On the whole the article can probably be taken at face-value, but there are a few sentences that raised my skeptic flags. The major one was:
My nonprofit firm, for instance, is full of them [TFA alumni] — one of my partners helped launch TFA — and remarkably that doesn’t make us unusual among our peer organizations.
Hmm… not necessarily damning, mind you, but an interesting connection that does dilute my sense of “credible neutrality”. The other flags are for what appear to be at least minor cases of facts out of context. For example, when discussing early in the article why these myths must indeed be myths, Rotherham concludes the paragraph with:
Another solid indicator? The marketplace. Superintendents and principals, who are on the hook for results, can’t get enough TFA teachers.
Well, ok, true. But two things to consider:
- Superintendents and principals are also on the hook for budgets, and TFA teachers are indisputably cheaper. Given the numbers-driven frenzy induced by Bush’s NCLB and the intense political pressure to deliver (hyperbolically) double the results with half the budget… I frankly would not be surprised if it were true that experienced teachers were getting laid off to make room for bright-eyed recent graduates.
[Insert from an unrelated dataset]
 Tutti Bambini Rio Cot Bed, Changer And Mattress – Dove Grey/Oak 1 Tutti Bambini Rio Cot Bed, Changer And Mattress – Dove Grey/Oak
- Given the the fact that they are on the hook the for results without the support needed to deliver it (also NCLB), I am also frankly not surprised that an organization like TFA, which boasts fantastic values of the right numbers, would seem appealing.
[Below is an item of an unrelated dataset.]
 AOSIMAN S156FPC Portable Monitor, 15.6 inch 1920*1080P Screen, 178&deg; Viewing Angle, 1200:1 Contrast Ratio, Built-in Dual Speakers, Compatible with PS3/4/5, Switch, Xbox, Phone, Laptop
Rotherham responds to the “revolving door” criticism:
Fifty-two percent of its alumni remain in teaching after their two-year commitment, and 67% still work fulltime in education in one way or another.
The study I found on this subject, linked from TFA’s research page gives a statistic of 61% of alumni remaining in teaching profession longer than their 2-year commitment, which is actually a good deal better than what Rotherham quotes (probably having to do with the 1 year disparity between their respective publication dates). The flip side of that, from the same study is only 10% of respondents stayed in the profession longer than 6 years, which is around the minimum range for what I would consider to be actually treating teaching as a career.
Other than these quibbles (the last of which is admittedly fairly petty), Rotherham’s qualitative defense of TFA is on the mark I think. It does stand to reason that having leaders in all aspects and levels of society that have gone through the gauntlet of what our public education system is like in the poorest pockets of the country are probably going to factor in their experience when making decisions.
The big takeaway for me from the process of dissecting this article? Realizing that in the final sense, statistics don’t actually mean jack shit. Regardless of whether 10% or 90% of TFA alumni stay in the profession long-term, the statistic has no bearing on what I can choose to do with the program if I take that path. So ultimately, perhaps the majority of this post is, in the long-term, really irrelevant. Sorry about that. At least it’s somewhat interesting to think about, right?